Following Vatican II, in the 1960’s, Ratzinger argued that the detente that existed between the church and the world was leading the church astray. He wrote:

It is time to find again the courage of nonconformism, the capacity to oppose many of the trends of the surrounding culture, renouncing a certain euphoric post-conciliar solidarity. . . . I am convinced that the damage we have incurred in these twenty years is due, not to the "true" council, but to the unleashing within the Church of latent polemical and centrifugal forces; and outside the Church it is due to the confrontation with a cultural revolution in the West:the success of the upper middle class, the new "tertiary bourgeoisie," with its liberal-radical ideology of individualistic, rationalistic and hedonistic stamp.

He went on to argue that too many theologians learned to take their starting point from "the signs of the times" discovered in the world and not from the church’s tradition and doctrines. In a 1996 interview he added, "We ought to have the courage to rise up against what is regarded as ‘normal’ for a person at the end of the twentieth century and to rediscover faith in its simplicity."

So, what does this have to say to evangelicals? A great deal I believe. We were never inclined to Marxism or the various radical social theories that racked the Catholic Church. Yet we began to take our cues from the world, in a different way, following the 1960’s.

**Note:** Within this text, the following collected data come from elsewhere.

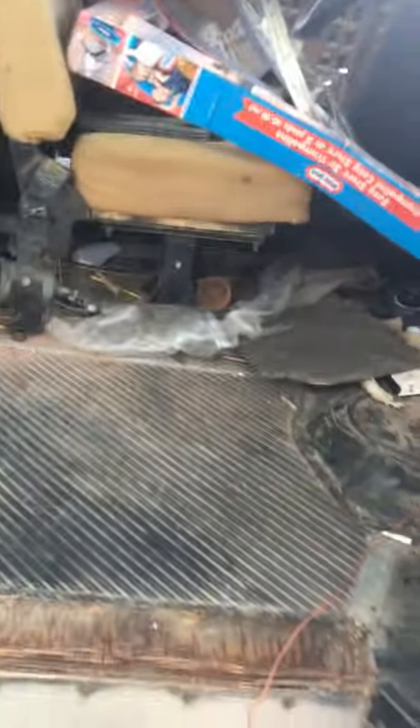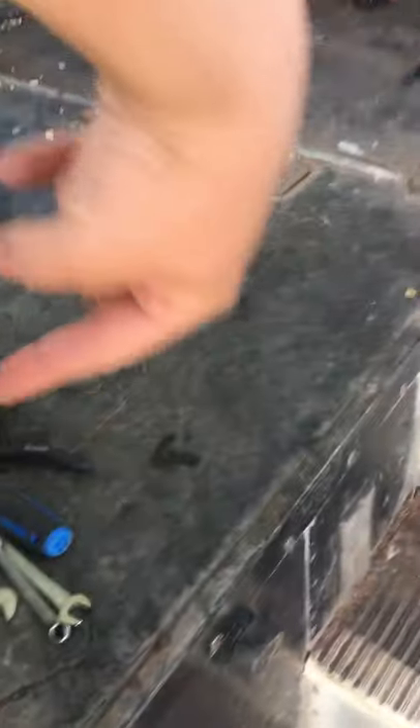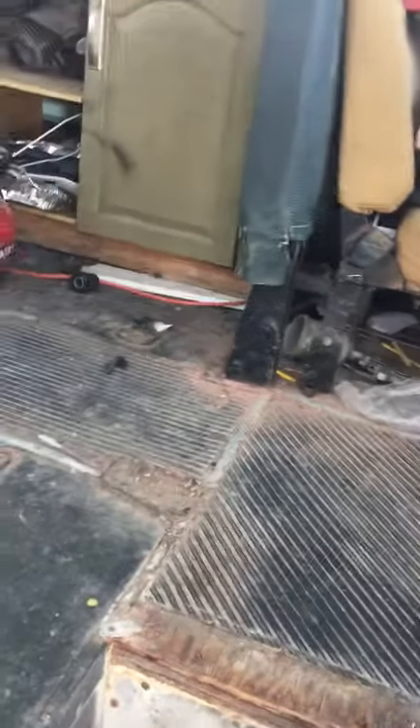It's dirty right now, I have to sweep it out. But there was a thing that hooked here and then it hooked over here, and then it's like it's in a school bus.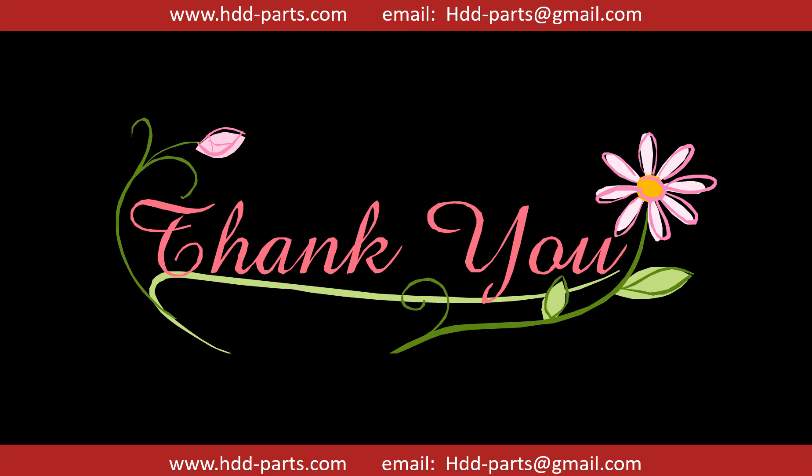Thank you so much for taking your precious time to watch this video. Any comments are really appreciated. If this video was a little bit of help, could you please click like to support me? Thank you again. Bye.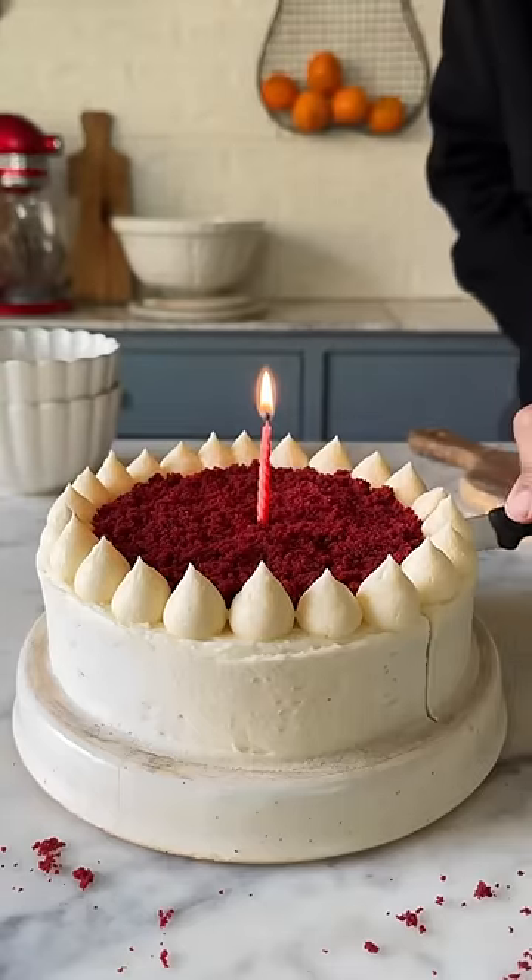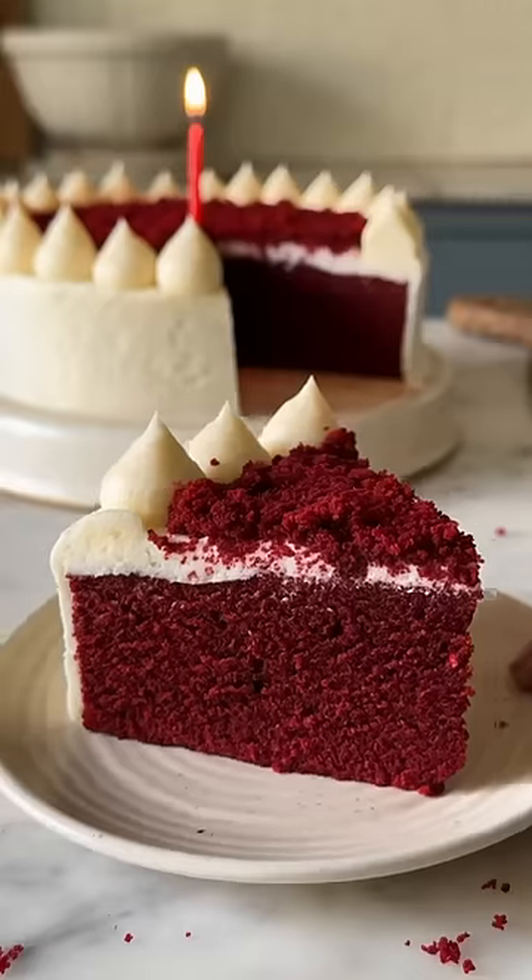What if I tell you this cake takes only 7 minutes to cook and it's so soft. Let's make eggless red velvet cake.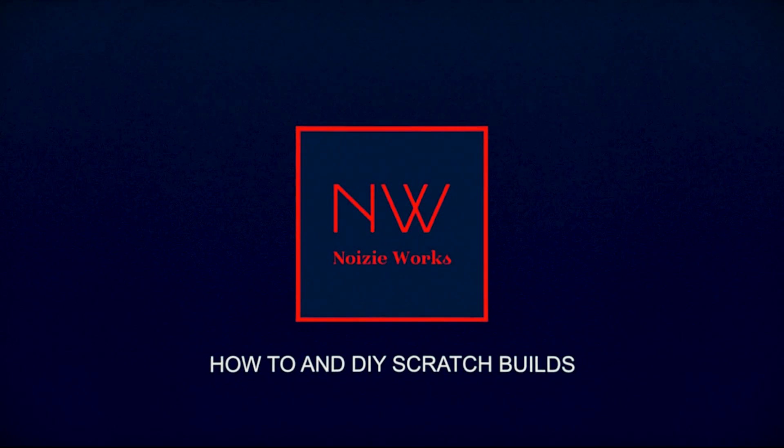I got them. Hi everybody and welcome back to Noisy Works. I'm your host Yves and we're gonna talk about thermal pads.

We didn’t catch up (we seem to never catch up in the evangelical world) to these trends until the mid-1970’s and 1980’s but catch up we did. We did so in typical evangelical fashion. First, we developed a theology of mission that put unvarnished stress upon numbers. This school of thought, dubbed "Church Growth" thinking, eventually captured a great deal of the emphasis on evangelism among our leaders. I lived through this era. It stiflled deep spirituality and serious liturgy.

The emphasis of this world-affirming culture came to rest, at least for baby-boomers, in the mega-church movement and the great success stories of Willow Creek and Saddleback. A generation of boomers, nurtured on the individualism of the 1960’s and 70’s, embraced what pop-culture saw as "normal" and ran with it. We created an entire sub-culture that included music, books and Jesus junk.

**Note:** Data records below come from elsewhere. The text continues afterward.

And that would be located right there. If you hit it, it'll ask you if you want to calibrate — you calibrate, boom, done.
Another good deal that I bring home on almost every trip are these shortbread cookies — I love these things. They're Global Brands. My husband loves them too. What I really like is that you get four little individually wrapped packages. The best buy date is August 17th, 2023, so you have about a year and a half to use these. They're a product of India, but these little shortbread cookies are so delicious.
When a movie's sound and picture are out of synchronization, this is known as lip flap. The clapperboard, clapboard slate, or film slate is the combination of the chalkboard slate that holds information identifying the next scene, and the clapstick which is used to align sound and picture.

Second, evangelicals did consciously embrace a socio-religious agenda that was radically altered from a culture of the cross. We wanted a culture of fun and pleasure, a culture that fulfilled me. We were consumers and we simply applied consumerism to the church. This led us to look more and more like the world so that what we gave to the world was what they were "looking for." "What’s in it for me?" became the unwritten question. I once wondered, as the pastor of a small church for sixteen years, what would have happened if all the families that left our church, or visited our church and did not return because they were looking for the "what’s happening now" youth group or the "relevant" worship style, had remained and embraced the yoke of discipleship and mission with our committed flock? So many times I heard, "We love the preaching. The content and biblical teaching are great, but we need more for our _________(fill in the blank)" Not much has changed among boomers. They still build all-purpose Mall-like churches in suburbia. My hope now seems to be principally found among the emergent generation.

One of the problems with critical thought is that you will find allies in places you never imagined. Pope Benedict XVI is much more of an ally, for true evangelical soldiers of the cross, than an enemy. Evangelicals could learn a great deal from reading and watching him. I doubt most boomers will even bother. I have some hope for younger believers, however. When the winds of God begin to blow through the church again you can expect many Christians, and various Christian traditions, will have a part to play. This is, in part, a reason for my ecumenism. It is an ecumenism of the cross, not of politics and pragmatics.